Otra conclusión a la que se puede llegar de la lectura de MDLV es el buen uso del castellano en cuestiones de género gramatical. Como un soplo de aire fresco, hoy choca ver el uso del masculino como género común, seguramente después del tabarrón feminista que quieras o no quieras tenemos que soportar todos los días: he llegado a escuchar: Compañeros y compañeras, los castellano leoneses y las castellana leonesas... Automáticamente, uno se echa la mano a la cartera, alguien te la quiere meter doblada. Tiene poco que decir el que usa tanto circunloquio y palabreo insoportable. Un par de ejemplos cabales de lo contrario: 
“y aunque bien sabía que mi nuevo profesor no había de hacerme nunca esas preguntas bruscas que le ponen a uno en el caso de demostrar que no sabe nada ni nunca lo supo, quise someter yo misma a mi memoria a una prueba parecida”. 
“Es maravilloso llorar en un cuarto donde entra la luz del pasillo por el montante de la puerta y se puede estar viendo una de esas perchas de Vitoria de ganchos retorcidos, o también en las literas del tren, junto al techo, cerca de la lucecita azul, oliendo el humo que entra al pasar los túneles y sintiendo la trepidación que le mece a uno como si el tren fuese un ser muy poderoso que corriese llevándole a uno en brazos”. 

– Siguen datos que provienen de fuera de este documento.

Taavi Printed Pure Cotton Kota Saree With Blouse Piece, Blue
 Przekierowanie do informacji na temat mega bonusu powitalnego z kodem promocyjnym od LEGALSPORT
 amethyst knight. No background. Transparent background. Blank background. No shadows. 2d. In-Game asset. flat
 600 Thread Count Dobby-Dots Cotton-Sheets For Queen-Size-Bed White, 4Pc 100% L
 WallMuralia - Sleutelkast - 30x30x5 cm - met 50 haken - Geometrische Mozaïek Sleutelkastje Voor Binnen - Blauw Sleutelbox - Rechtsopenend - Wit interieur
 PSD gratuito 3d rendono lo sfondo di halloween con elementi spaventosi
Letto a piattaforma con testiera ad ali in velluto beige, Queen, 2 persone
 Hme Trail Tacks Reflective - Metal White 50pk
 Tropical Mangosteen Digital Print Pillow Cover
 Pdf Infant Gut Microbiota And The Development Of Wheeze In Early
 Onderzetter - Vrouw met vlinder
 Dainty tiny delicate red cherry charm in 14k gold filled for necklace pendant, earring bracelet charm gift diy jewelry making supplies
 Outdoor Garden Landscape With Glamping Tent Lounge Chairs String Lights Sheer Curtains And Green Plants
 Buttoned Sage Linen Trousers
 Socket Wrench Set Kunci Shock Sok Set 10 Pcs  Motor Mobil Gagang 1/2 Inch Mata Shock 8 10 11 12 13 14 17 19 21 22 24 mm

En este último párrafo tenemos también un ejemplo del uso que Rosa Chacel hace de los sentidos al escribir. Cómo se las arregla para engarzar la luz del pasillo que permite ver, el olor a humo, a cuarto cerrado, y el ritmo del traqueteo del tren. La autora nos regala una prueba de su magisterio: la vista, el tacto, el olfato; en definitiva, el festival de sensaciones que envuelve la prosa sensual de Rosa Chacel, en primerísimo plano como en la despedida de doña Luisa de las dos adolescentes después de un día ajetreado de visitas turísticas por Simancas:
“Me rodeó los hombros con el brazo, me apretó con fuerza y me dio un beso. Me besó en la mejilla, junto al ojo; sentía sus labios entre mis pestañas; me retuvo largo rato apretada contra ella. La calle estaba oscura y yo la contemplé en el abrazo que me dio, como los ciegos que leen con el tacto. Me quedó impresa en los hombros la fuerza de su brazo delgadísimo; sentí apretado contra mi mandíbula el hueso que se le dibujaba en el nacimiento del cuello, y al mismo tiempo me pareció tan frágil. No sé si fue el perfume que llevaba o si fue que al sentir el relieve de su pecho me acordé del día aquel que la vi en la tartana al amanecer, con aquella piel transparente llena de venas azules”.


Nos vemos en abril 
Resulta tan difícil esperar 
Qué voy a hacer sin ti, 
Borrar del calendario un día más. 
Aún puedo sentir 
Tus manos por mi boca 
Cómo resistir 
Si el tiempo se equivoca una vez más.
Jose María Granados Serratosa, Juan José Ramos Pinera, Jesús Redondo Gutiérrez/Los Secretos



Este comentario pertenece al grupo de lectura colectiva que desde La Acequia coordina y dirige desde hace unos cuantos años su autor, el profesor Pedro Ojeda Escudero.